## SUPPLIED MATERIAL
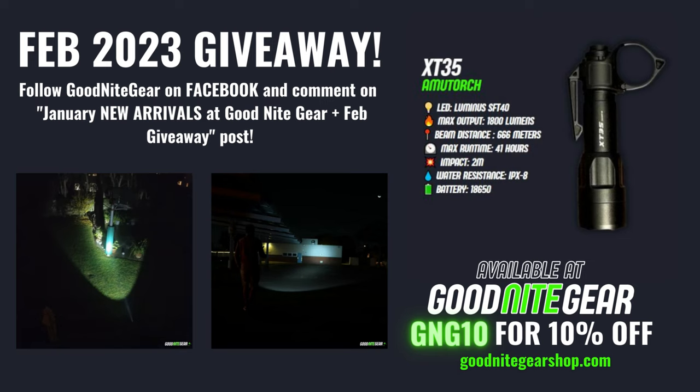For February I'm giving away the AmuTorch XT35 tactical flashlight, which you might remember from my tactical 18650 comparison video from a few months ago. To enter to win, all you need to do is like the Goodnight Gear page on Facebook and leave a comment on our new arrivals and February giveaway post, which is linked below.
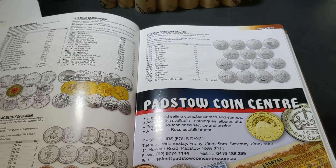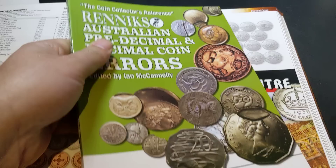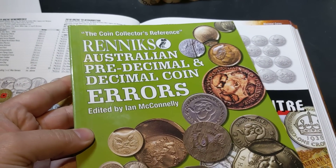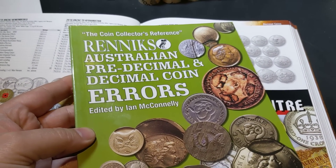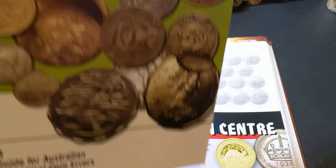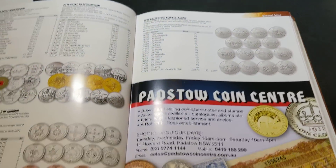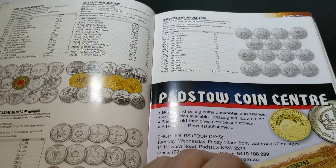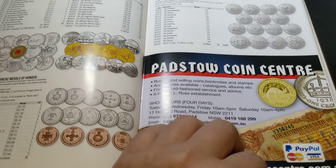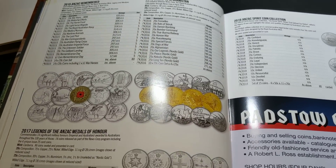There's also some information on error coins, though this book doesn't focus on error coins because there is an actual error coin book — which I'll just quickly grab off my shelf — and I've shown that one quite a few times on the channel. That's also available, so make sure you grab that one as well. It's got a lot more information regarding error coins and all the different types of error coins.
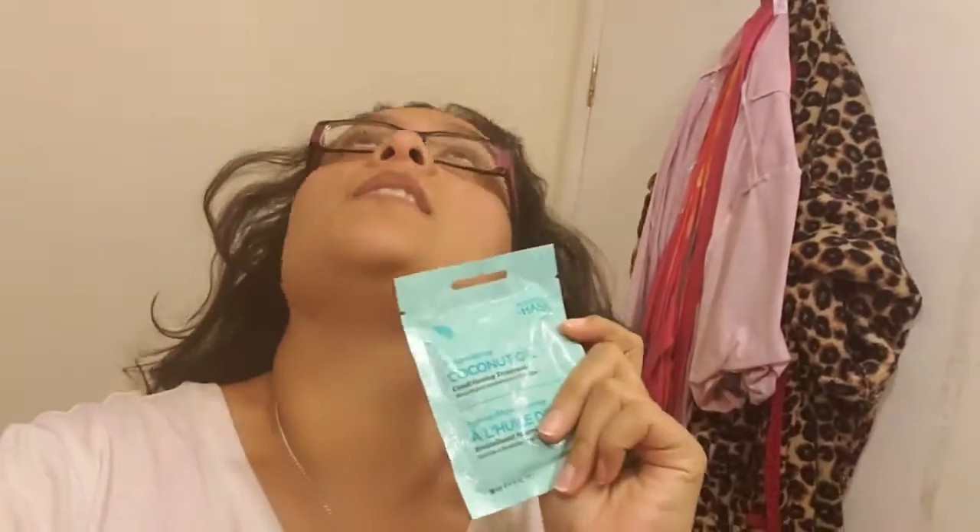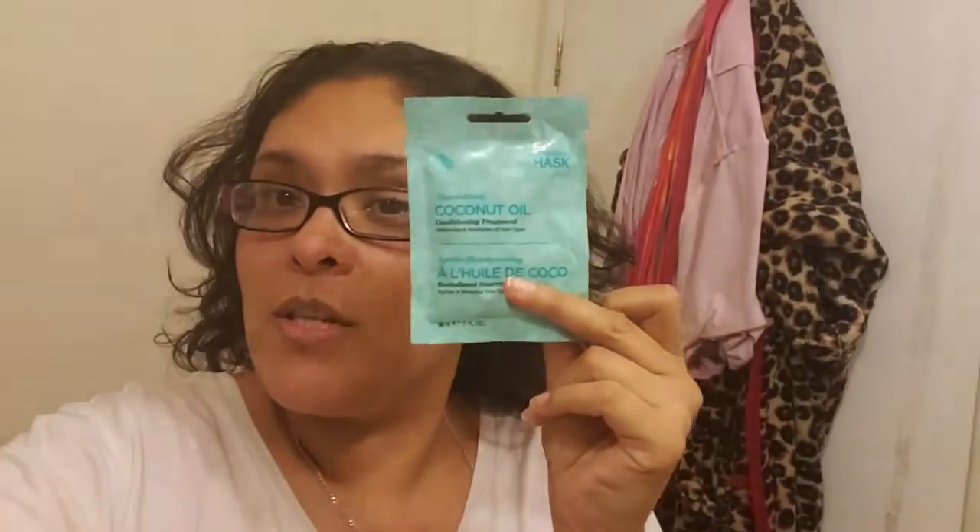I got this at Dollar Tree a long time ago and I'm going to be using it for my hair. The directions say to apply to clean wet hair, so I'm going to be doing this in the shower. It says to massage, focusing on damaged areas for best results, and leave it on for 10 minutes.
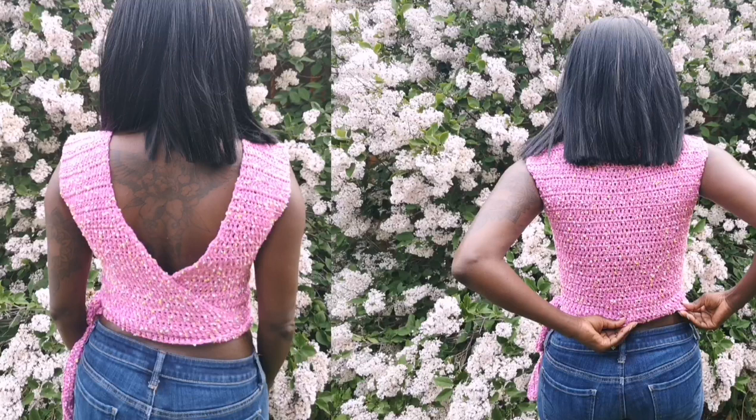Hello my beautiful crochet people, thank you so much for clicking to watch this video today. If you're here it's because you're super interested to watch the tutorial on how I made this beautiful top. This top is extremely beautiful and you will not want to miss knowing how to make this. It's very cute for the summer, you can dress it down or dress it up however you like.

## YOUR OBJECTIVE
Retype each line of the data exactly, beginning with the first; include the line containing "I got this at" and stop there, skipping every picture.

## EXPECTED ANSWER
For February I'm giving away the AmuTorch XT35 tactical flashlight, which you might remember from my tactical 18650 comparison video from a few months ago. To enter to win, all you need to do is like the Goodnight Gear page on Facebook and leave a comment on our new arrivals and February giveaway post, which is linked below.
There's also some information on error coins, though this book doesn't focus on error coins because there is an actual error coin book — which I'll just quickly grab off my shelf — and I've shown that one quite a few times on the channel. That's also available, so make sure you grab that one as well. It's got a lot more information regarding error coins and all the different types of error coins.
I got this at Dollar Tree a long time ago and I'm going to be using it for my hair. The directions say to apply to clean wet hair, so I'm going to be doing this in the shower. It says to massage, focusing on damaged areas for best results, and leave it on for 10 minutes.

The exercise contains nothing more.